Additional Innovations and Training Strategy
- Local Feedback Loss (Slow Neural Loss):
A novel loss term is introduced to update the slow network via local feedback. The slow neural loss penalizes discrepancies between hyper-kernels across SFNE blocks by computing the mean squared error between a block’s hyper-kernel and averaged hyper-kernels from preceding blocks. This promotes consistency in the generated context-dependent weights and refines the pixel-level scoring of the HyperZ⋅Z⋅W operator.
- Channel Bottleneck and Group-Based Standardization:
Concatenated multi-scale features are compressed through a bottleneck layer modulated by a coefficient λ, ensuring that only the most informative features propagate. Additionally, group-based instance-batch standardization is applied to enhance the diversity and stability of channel variances.
Empirical Performance and Analysis
- Superior Accuracy with Fewer Parameters:
- On 1D image classification benchmarks (sMNIST, pMNIST, sCIFAR10), Terminator achieves an accuracy of 99.72% on sMNIST and 93.21% on sCIFAR10 with only 1.3M parameters.
- On 2D datasets such as CIFAR10 and CIFAR100, Terminator significantly surpasses architectures like Inception, ResNet, and ViT, while also relying on dramatically fewer parameters.
- On the STL10 dataset, Terminator attains a test accuracy of 86.32%, outperforming a ResNet-152 variant that uses residual and normalization operations—and doing so with roughly one-seventh of the model parameters.
- Enhanced Training Dynamics:
Visualizations show that Terminator achieves equivalent accuracy as a deep residual model (e.g., ResNet-152) in approximately one-sixth of the training epochs, a benefit attributed to the stable zero-mean features induced by the standardization layers. The absence of pooling and direct full-context interaction at every layer further minimize information loss and reduce learning complexity.
- Context-Dependent Weighting and Global-Local Feature Fusion:
The dual-path strategy—combining global and local hyper-kernel branches—allows the model to simultaneously capture coarse outlines and fine details. The global branch performs pixel-level scoring through elementwise operations followed by dot products or FFTs (for 1D sequences), while the local branch uses sliding window-based convolutions. This fusion obviates the need for conventional residual shortcuts to mitigate feature loss.

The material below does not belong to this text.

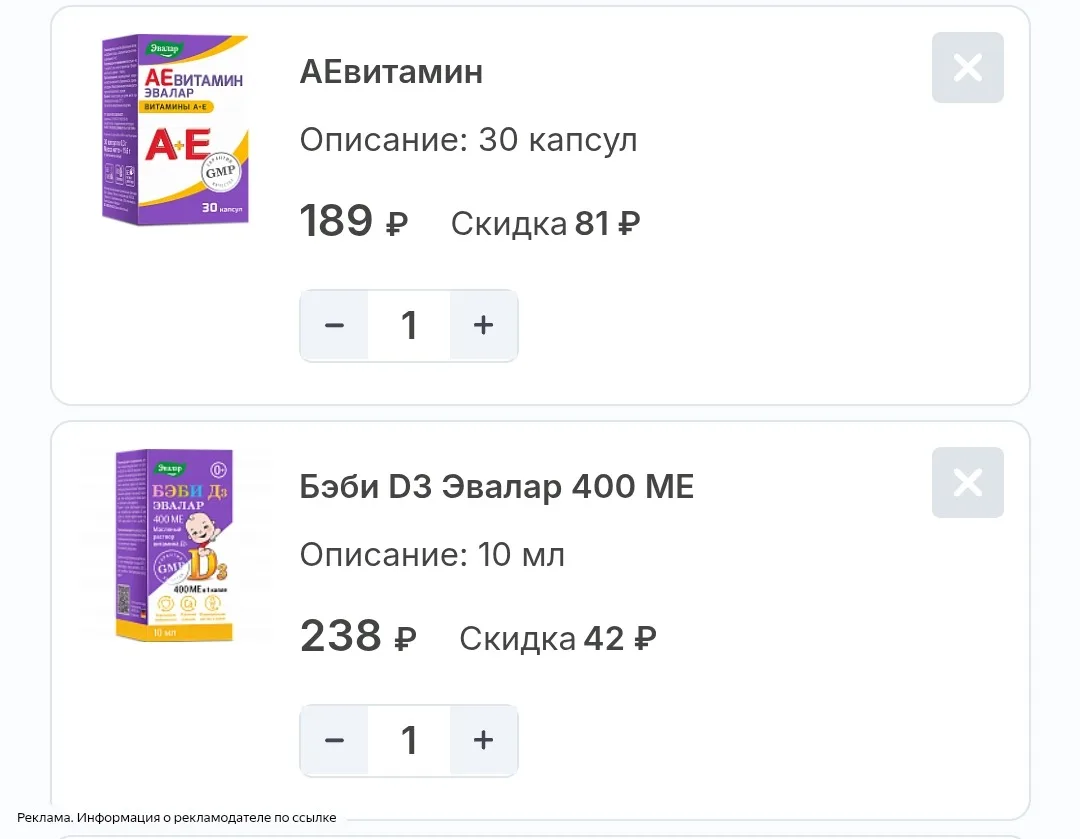Скидка до 60% на товары для поддержания иммунитета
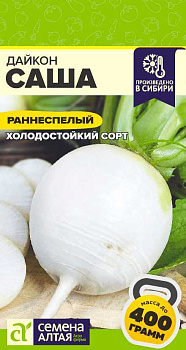 Дайкон Саша/Сем Алт/цп 1 гр.р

In summary, the paper introduces a comprehensive architectural redesign that replaces residual learning with a combination of slow-fast network dynamics and context-dependent fast weight generation. The design innovations successfully lead to faster convergence, enhanced feature representation, and state-of-the-art performance on challenging classification tasks with significantly reduced model complexity.